Bio: Siobhan's current research doctoral focuses on the professional learning of secondary History teachers in England, where she uses collaborative and dialogic modes of inquiry drawn from sociocultural psychology. She has also worked on research into professional learning in other public sector contexts including healthcare and government. Before coming into full time research she was a History teacher and curriculum leader for ten years, and remains a senior assessor with a leading awarding body. She has extensive experience in close-to-practice research: prior to her PhD she undertook a professional masters related to her assessment work, and has previously carried out, led and published on practitioner inquiries undertaken while working as a teacher. She co-facilitates the Cambridge Network for Participatory and Collaborative Research Methods, which is supported by the Cambridge ESRC DTP and the School of Humanities and Social Sciences.

Bio: Emily is a second-year, part-time PhD candidate at the University of Cambridge in the Faculty of Education. Her research seeks to workshop a teacher-led intervention to support wellbeing using performance research, and is funded by the ESRC. Emily is also the SENDCo and teacher of Classics at a school in south London, teaching students aged 4-18. Emily's research seeks to promote inclusion through collaborating with stakeholders to develop a free, evidence-based intervention to support students facing long waiting lists to receive mental health support.
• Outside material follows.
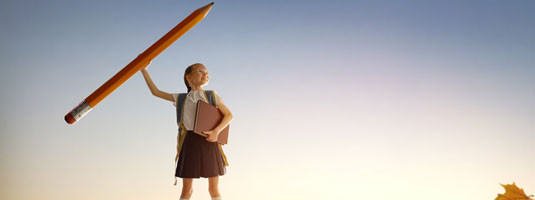 Unlocking Potential: Scholarships and Financial Aid at Sri Viswasanthi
Ali Hanbury, University of Manchester

Mark Ramsden, University of Cambridge

This workshop will be the launch of NCRM’s new Methodological Special Interest Groups. It will be jointly facilitated by PgR’s from Cambridge University’s ‘collaborative and participatory methods’ network and NCRM’s Senior Engagement Manager. The workshop will provide insight and sharing of how a PgR-led network has been established; focussing on collaborative and participatory methods. The PgR’s from Cambridge University will provide this input as well as utilising the workshop to consult attendees/stakeholders on the next steps and development ideas for their network. NCRM will close this workshop with the launch of their new support programme for PgR-led methodological special interest groups; outlining their ideas and commitments.  This will be followed by a question and answer session.